The session today developed into focusing on routes which use these bigger jumps and powerful movements - all that small route and 'touch' training has really paid off and this week I'm going to focus on transferring that into much longer, bigger and more physically demanding routes.
I'm trying to focus on routes which use my techniques to their capacity distance and powerwise, and try to keep moving without hesitation. This should also be a good test of wether my Cardio has improved.

We shall see...........

3 comments:

Unknown said...

110 muscle ups in a single session? Why? Muscle ups are a power exercise and performing 110 of them in sets of 3 or 5 is the longest way possible I can think of to reach the goal of doing 10 in a single set.
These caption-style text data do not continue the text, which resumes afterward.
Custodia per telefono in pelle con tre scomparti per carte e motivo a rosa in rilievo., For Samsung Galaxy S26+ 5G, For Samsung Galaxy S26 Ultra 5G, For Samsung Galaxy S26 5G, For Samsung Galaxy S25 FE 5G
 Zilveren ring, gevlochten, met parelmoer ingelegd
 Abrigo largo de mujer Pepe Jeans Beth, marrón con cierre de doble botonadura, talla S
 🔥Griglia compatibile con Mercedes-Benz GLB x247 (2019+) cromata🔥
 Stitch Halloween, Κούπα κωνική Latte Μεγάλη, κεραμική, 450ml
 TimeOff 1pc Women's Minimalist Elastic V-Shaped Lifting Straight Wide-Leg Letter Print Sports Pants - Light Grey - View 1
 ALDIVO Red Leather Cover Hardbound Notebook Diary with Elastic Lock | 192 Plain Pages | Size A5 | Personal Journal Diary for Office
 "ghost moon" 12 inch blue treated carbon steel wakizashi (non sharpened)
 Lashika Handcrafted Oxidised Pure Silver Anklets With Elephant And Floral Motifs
You'd be better off being a bit more thoughtful regarding your training to achieve 10 muscle ups. Perfoming negatives, jumping muscle ups, muscle ups with elevated feet, power pull ups, power dips, weighted pull ups/dips. All these exercises used wisely and conservativley will help you to achieve your goal quicker than doing 110 muscle ups in a session- you simply won't develop the power endurance required pushing yourself in such a manner.

traceurchrisgrant said...

It's not a strict goal - it's a movement i think is very valuable for strength and technique and Id like to see progression everytime I do them. I guess ten is just a nice benchmark.
Also as the sets get larger it starts to work my muscular endurance a little more.

For me doing it like this is working - a few weeks ago I could only do one at a time. Every week I've increased the number of sets and it's working very well for me.

It might be the longest way possible for you, or for what research has said - but it's a very simple guage of progression to be able to do more in each set when I train them once a week. It's working very well for me - if it wasn't I wouldnt be doing it :)

'you simply won't develop the power endurance required pushing yourself in such a manner.'
But I am. It's working, i can see that. The ease that I can perform one muscle up compared to a few weeks ago is amazing. It works for me. I'm not in any rush to get there and this method I'm trying is giving the results I want.
I like to think that all of my training is experiment and that maybe I dont reach the best solution immediately. I;ve tried various other methods for training muscleups before this similair to what you have mentioned - for me this current method is showing the results.

Unknown said...

Fair enough, progression is progression. However I would suggest you be very careful. Performing such a high number of reps of a pwer exercise will result in fatigue quite quickly meaning you'll likely be performing the dip incredibly deep. Without very flexible shoulders you may encounter rotater cuff problems down the line so stretch.... a lot. Good luck.